The documentary form has always encouraged and benefitted from formal innovation. Filmmakers with scarce funds at their disposal find new, interesting solutions to overcome their shortcomings and this necessity is often the mother of invention. Just as often, a by-the-numbers, rote formal exercise is helped tremendously by just having a fascinating and important story. This latter situation is what we have in JUANITA, the highly compelling story of Juanita Nielsen, the young heiress whose genuine love for her neighborhood (King’s Cross in Sydney) led her into a passionate life of activism, muckraking journalism and hard-nosed confrontations with the power structure of the city. On July 4th, 1975, she went to a meeting with Edward Trigg, an employee (read: enforcer) of Jim Anderson, the mobster who ran King’s Cross in those days. She was never seen or heard from again.
The story is dark and riveting and Juanita herself emerges very quickly as a fascinating character through interviews with people who knew her: family members, a boyfriend, fellow activists… the film excels at bringing many facets of her personality and work to life while avoiding the kind of hagiography so common in documentaries of this type.
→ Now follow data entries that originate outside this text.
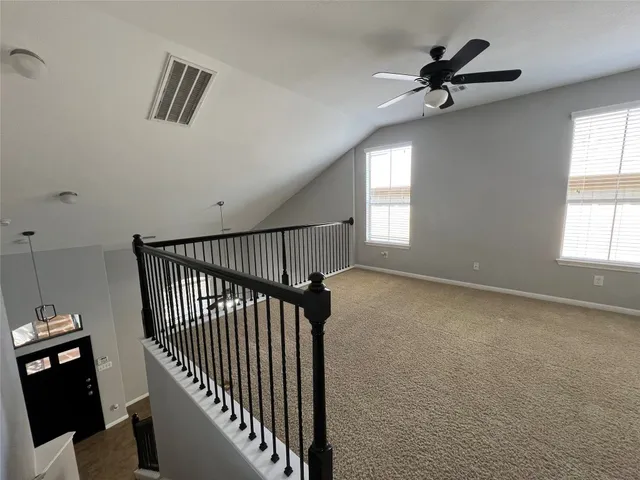 a view of empty room with windows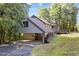 Exterior view showcasing the home's unique design, carport, and beautiful natural setting at 5900 Ebenezer Church Rd, Raleigh, NC 27612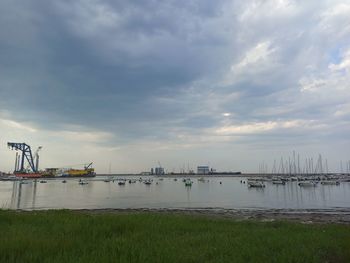 Scenic view of sea against cloudy sky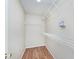 Walk-in closet includes laminate floors and wire shelving for efficient storage at 5083 Emmert Dr, Indianapolis, IN 46221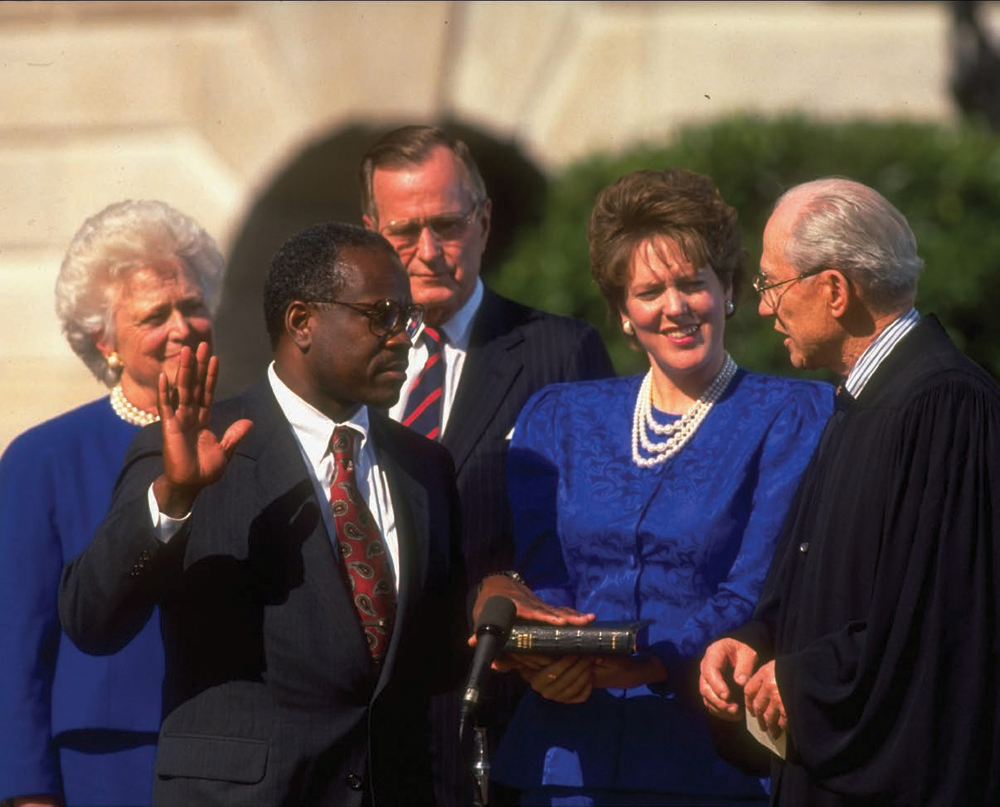 Associate Justice Byron White far right gives the constitutional oath to - photo 3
Where the film falls a bit short is in its framing device: Juanita’s niece and cousin, Keiran McGee and Pip Rey, are trying to find answers to the many questions raised by Nielsen’s disappearance so many years ago. What actually happened? Who was responsible? Why wasn’t anyone prosecuted? These are all important questions, and having her family members conducting the search as well as the interviews should make things more compelling, but having established their commitment to discovering the truth, the filmmakers don’t really know what to do with the two women. I kept wishing they were either less obtrusive, or more central. Instead they seem to take up just enough time and attention as characters to be distracting from the primary story.
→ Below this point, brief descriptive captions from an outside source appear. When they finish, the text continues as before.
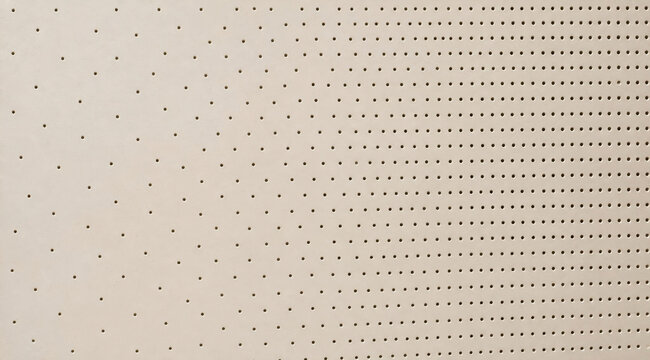 Beige perforated acoustic panel texture with round holes pattern background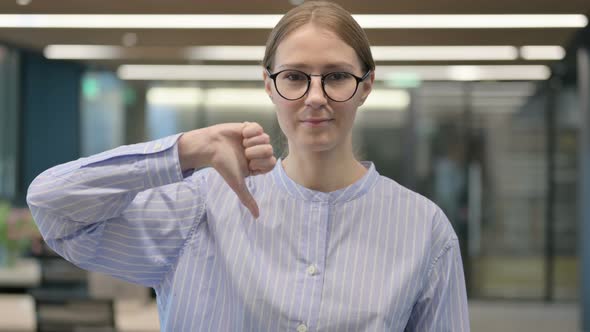 Portrait of Young Woman Showing Thumbs Down Gesture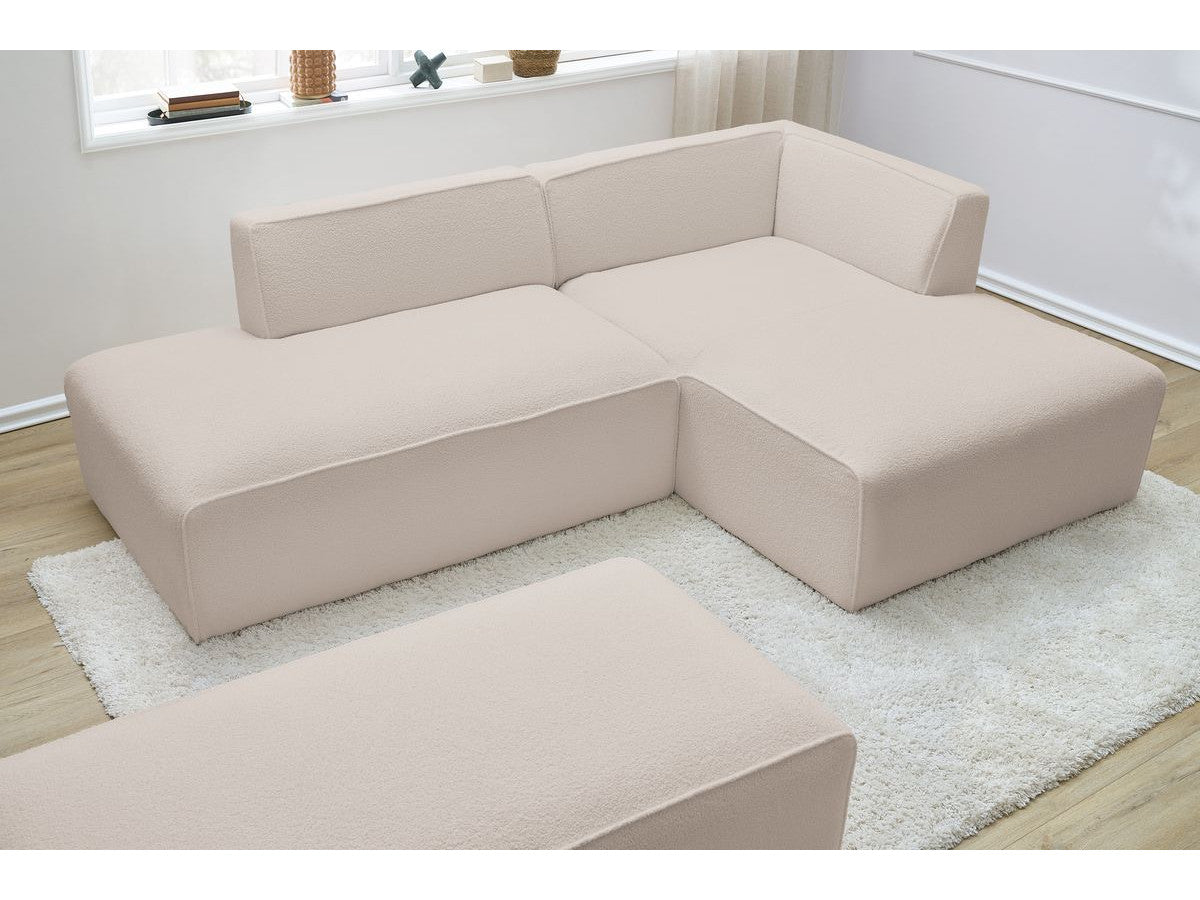 Canapé d'angle fixe modulable MEGEVE tissu bouclette avec pouf Angle droit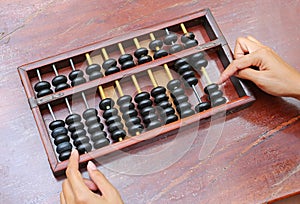 Woman hands holding Chinese ABACUS old antique calculator retro finance education, tool work business accounting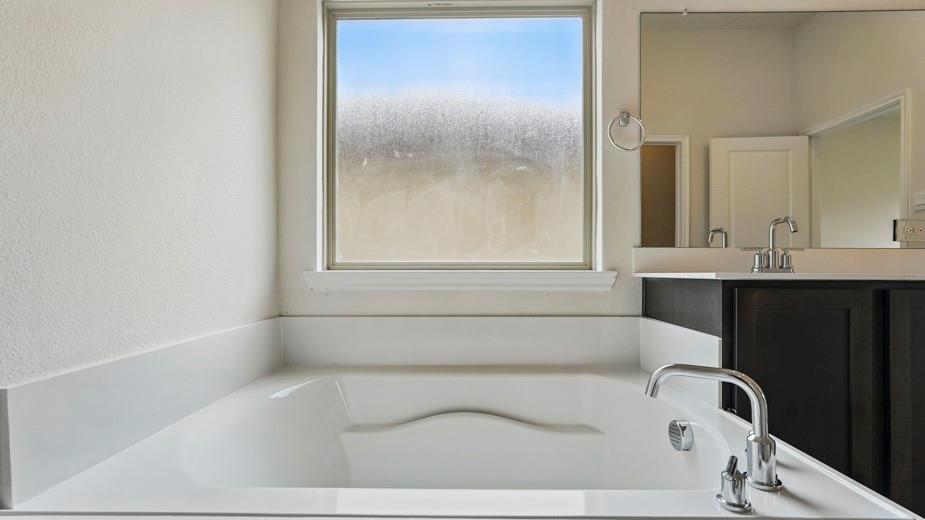 4187 Plateau Drive Forney, TX 75126 - Photo 23 of 36 a bathroom with a bathtub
It’s a story worth telling though, and certainly worth watching, delving as it does into a world that we don’t often see as part of the Australian story: A world of protestors, of unionists and unions, of communist organizers, of emerging Aboriginal resistance, of opposition to the capitalist machine; a story of a wealthy woman whose sense of justice and of her own indestructibility brings her in conflict with her own economic class. I wish the documentary had spent more time fleshing out the history of these movements that Juanita became involved with and ultimately gave her life to. In a time of conglomerate media consensus, we need more exposure to, and investment in, these stories of resistance, of activism and uprising. We may never know the details of what happened on the night Juanita Nielsen disappeared, but we do know the issues that she was passionately fighting for. These issues have not gone away. In many ways they have only escalated and become more entrenched. May this documentary inspire future Juanitas.
Juanita : A Family Mystery is now streaming on ABC Iview.